In ORCH 2.0.0, we introduced four Hadoop-enabled analytic functions supporting linear  regression, low rank matrix factorization, neural network, and non-negative matrix factorization. These enable R users to immediately begin using advanced analytics functions on HDFS data using the MapReduce paradigm on a Hadoop cluster without having to design and implement such algorithms themselves.

While ORCH 1.x supported moving data between the database and HDFS using sqoop, ORCH 2.0.0 supports the use of Oracle Loader for Hadoop (OLH) to move very large data volumes from HDFS to Oracle Database in a efficient and high performance manner.

ORCH 2.0.0 supported Cloudera Distribution for Hadoop (CDH) version 4.2.0 and introduced the ORCHhive transparency layer, which leverages the Oracle R Enterprise transparency layer for SQL, but instead maps to HiveQL, a SQL-like language for manipulating HDFS data via Hive tables.

ORCH 2.1.0

In ORCH 2.1.0, we added several more analytic functions, including correlation and covariance, clustering via K-Means, principle component analysis (PCA), and sampling by specifying the percent of records to return.

ORCH 2.1.0 also brought a variety of features, including: configurable delimiters (beyond comma delimited text files, using any ASCII delimiter), the ability to specify mapper-only and reduce-only jobs, and the output of NULL keys in mapper and reducer functions.

To speed the loading of data into Hadoop jobs, ORCH introduced “pristine” mode where the user guarantees that the data meets certain requirements so that ORCH skips a time-consuming data validation step. “Pristine” data requires that numeric columns contain only numeric data, that missing values are either R’s NA or the null string, and that all rows have the same number of columns.
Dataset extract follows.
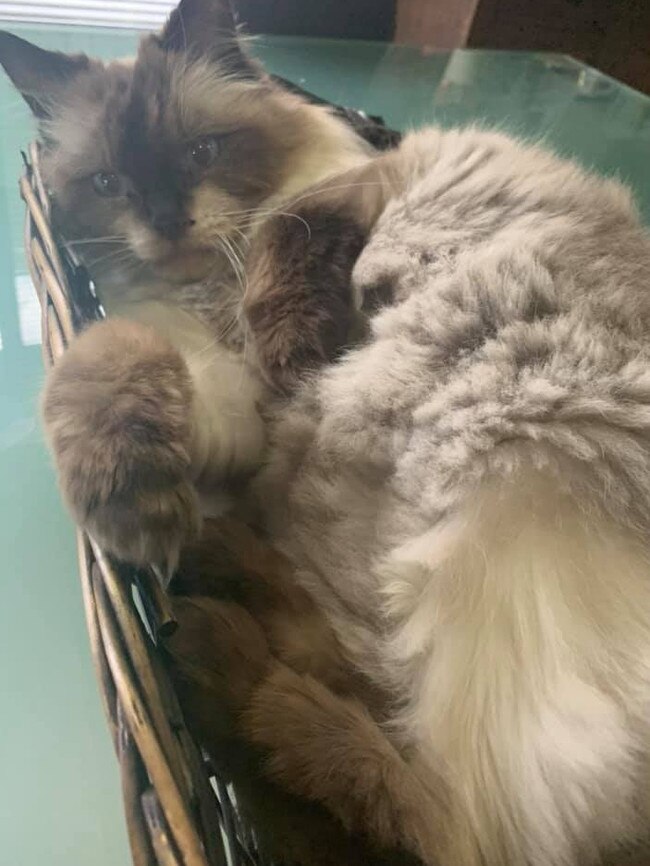 So patient is our Button! Loves his cuddles. International Cat Day. Reader pet photos. Picture: Tina Bailey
This improves performance of hdfs.get on a 1GB file by a factor of 10.

ORCH 2.1.0 introduced the caching of ORCH metadata to improve response time of ORCH functions, such as hdfs.ls, hdfs.describe, and hdfs.mget between 5x and 70x faster.

The Hadoop Abstraction Layer, or HAL, enables ORCH to work on top of various Hadoop versions or variants, including Apache/Hortonworks, Cloudera Hadoop distributions: CDH3, and CDH 4.x with MR1 and MR2.

ORCH 2.2.0

In the latest release, ORCH 2.2.0, we’ve augmented orch.sample to allow specifying the number of rows in addition to percentage of rows. CDH 4.3 is now supported, and ORCH functions provide full online documentation via R's help function or ?. The function hdfs.attach now support integer and matrix data types and the ability to detect pristine data automatically. HDFS bulk directory upload and download performance speeds were also improved. Through the caching and automatic synchronization of ORCH metadata and file lists, the responsiveness of metadata HDFS-related functions has improved by 3x over ORCH 2.1.0, which also improves performance of hadoop.run and hadoop.exec functions. These improvements in turn bring a more interactive user experience for the R user when working with HDFS.

Starting in ORCH 2.2.0, we introduced out-of-the-box tuning optimizations for high performance and expanded HDFS caching to include the caching of file lists, which further improves performance of HDFS-related functions.

The function hdfs.upload now supports the option to upload multi-file directories in a single invocation, which optimizes the process. When downloading an HDFS directory, hdfs.download is optimized to issue a single HDFS command to download files into one local temporary directory before combining the separate parts into a single file.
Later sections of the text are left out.